This is a pause from previously scheduled programming (i.e. the fertility as a cross series) to bring out what is on my heart today. I'll get back to finishing that series, either sometime this weekend or perhaps 45 minutes from now. <<It all depends on the delicate balance of the baby's nap and the older brothers' choice of loud pre-dinner argument.>>
About a year ago, I started teaching the Marquette Model of NFP. I was the only instructor in Nebraska. I was paving a new road. And although it felt a little (ok, a lot) reckless to embark on the journey to become an instructor at 7 months pregnant with baby #3, by the time I was teaching couples, I had found a piece of the woman I lost, buried under mountains of laundry and dirty dishes.
Marquette was the new hot thing in our NFP community.
"It uses technology?" "There's an app?!" "I can test just once in the morning!!"
Our local Catholic newspaper ran an article. The archdiocese invited me to host a day long workshop within weeks of finishing my certification. I taught 100 couples in 9 months. My goal of "make enough this first year to cover all of my expenses and take my kids to Disney world in December" was smashed in the first four months.
I had devout Catholic couples coming to me with affirmation beyond anything I could have imagined. These couples I looked up to were thanking me for bringing this gift to their marriage.
It was a ministry, a job, and a total success.
Deep down I knew I could not continue this alone, there was simply too much demand. Regardless of that entirely logical argument, it stung the first time I opened the email from my former preceptor at Marquette University.
"Hey Bekah! I have a nurse in your area applying for instructor training!"
Would everyone like her better? Would I become insignificant? Would there still be a place for me in this?
I'm super secure, if you can't tell. I have since received three identical emails. My initial response has improved...slightly.
Eventually (definitely NOT the first time I was wrestling with these thoughts) I took it to prayer. Immediately, like God often does when I *finally* bring something to Him without reservation, I heard:
"I am the God of multiplication. Not the God of division."
The loaves and the fishes. The believers at Pentecost. God multiplies.
Division. Hatred. Envy. We know where these come from, and they are not of God.

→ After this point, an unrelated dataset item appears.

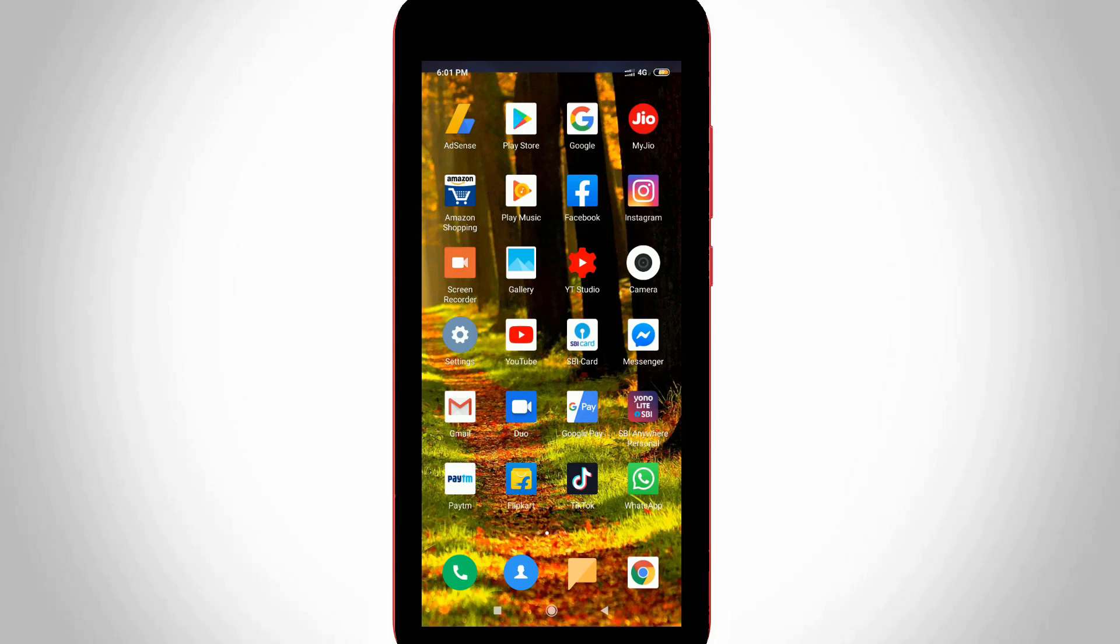So what is it? So let's get started. First of all, open your Facebook Messenger application in your Android mobile or iOS device.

Nor are they conducive to progress. These are weapons used to hold us back. As women find our voice and our place in society, as we unleash the unforeseen power of our feminine genius, these forces of division are becoming more obvious. Competition rather than cooperation. Tearing other women down rather than building each other up. (Oh, hey mommy wars. Yes, I am talking specifically about you.) We have to stop this. God can take your talent, my talent, and the perfect mom at preschool pickup's talent and multiply all of them for His glory.

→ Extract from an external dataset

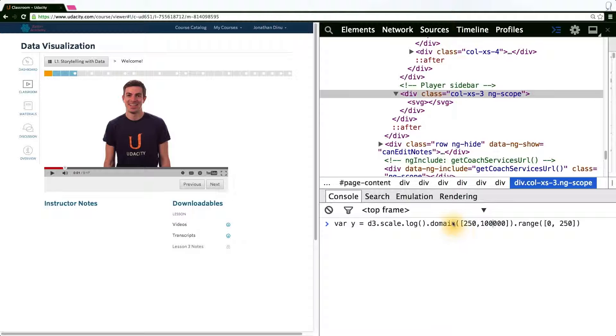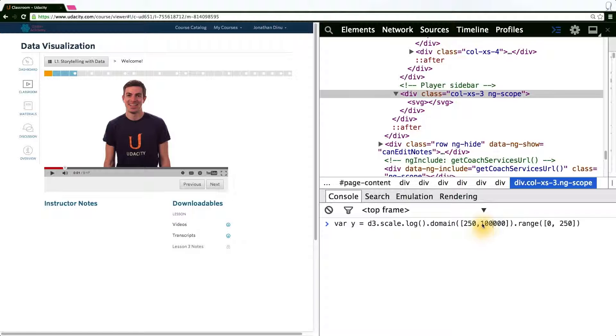And what this says is a value of 250 in our domain maps to a range value of 0. And the value of 100,000 in our domain maps to a range value of 250.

There is a place for every gift at His table. I am confident He called me to this place, and if He has called others to similar mission, there will be abundant life for both of us. That's who He is. That's a loving father's heart.
As a mom, it should not be so hard to get this concept through my thick head. I remember wondering when I had my second child how I could love him without taking away from our firstborn. He was born in December, and I am a sucker for animated movies, so my social media announcement (obviously *the* most important seven minutes of that day) quoted the Grinch.
"My heart just grew three sizes today."
Ah, what a wise man, that Dr. Seuss. Parents can attest to the reality of this phenomenon. My love for my second (and now third) child doesn't take away from my first. There is more room. Multiplication of the capacity of my heart to love.
The new Marquette Model instructor came over for coffee today. Looking from the outside in, it went about as well as any play date goes when both parties have small children. From the inside out, though, it was beautiful. Two women who were transparent about fears, struggles, goals, and dreams. As soon as that nagging voice of division tried to creep in, I reminded myself of that important truth:
God is the God who multiples. Not divides. And He will make room for any person, any gift, any talent that He has called forth.